Personally, I think she is waiting for a better offer. She didn't know a month ago if she had plans? So if someone else asks her to dinner, she would say yes and not feel bad about leaving us high and dry? We've turned down dinner plans to have them over!

My fiancée is slightly annoyed too; we've decided to not ask again because now we feel we are being pests.

At this point would you cancel? Your thoughts?


----------



## Dominic (Nov 4, 2012)

I would cancel saying something else very exciting is happening that Saturday and, unfortunately, I'll have to cancel the dinner invitation. 
But don't listen to me. 


Sent from Petguide.com App


----------



## silverhaven (Sep 6, 2009)

I would simply call and say I need to know now.... yes or no, a maybe is considered a no


----------



## edelweiss (Apr 23, 2010)

I would call the daughter and say something like this . . . I am sorry to have to ask again but I really need to know if you will be coming to dinner this Sat.
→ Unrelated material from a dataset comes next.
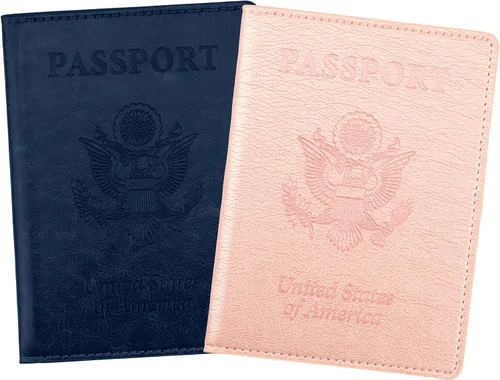 Miniatura 16 de Funda de cuero para pasaporte - Cartera de pasaporte de viaje para mujeres y hombres, artículos esenciales para el aeropuerto con protector, Negro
We are getting in a time-crunch here and I need a simple "yes or no." If there is an issue I need to address in order to make you comfortable w. this, please be honest as I would like for it to be a fun evening for everyone. I am okay w/a "no" but I really need to know today.
I hope they will come & that communication will be open.


----------



## Maidto2Maltese (Oct 19, 2004)

edelweiss said:


> I would call the daughter and say something like this . . . I am sorry to have to ask again but I really need to know if you will be coming to dinner this Sat. We are getting in a time-crunch here and I need a simple "yes or no." If there is an issue I need to address in order to make you comfortable w. this, please be honest as I would like for it to be a fun evening for everyone. I am okay w/a "no" but I really need to know today.
> I hope they will come & that communication will be open.


:goodpost:


----------



## bailey02 (May 1, 2009)

Oh Sandi your to nice...lol I would cancel dinner plans it's not fair to you and your fiancee that they keep you hanging on until the last minute.


----------



## maltese manica (Nov 6, 2012)

I would get your husband to call his daughter and ask her.


----------



## edelweiss (Apr 23, 2010)

maltese manica said:


> I would get your husband to call his daughter and ask her.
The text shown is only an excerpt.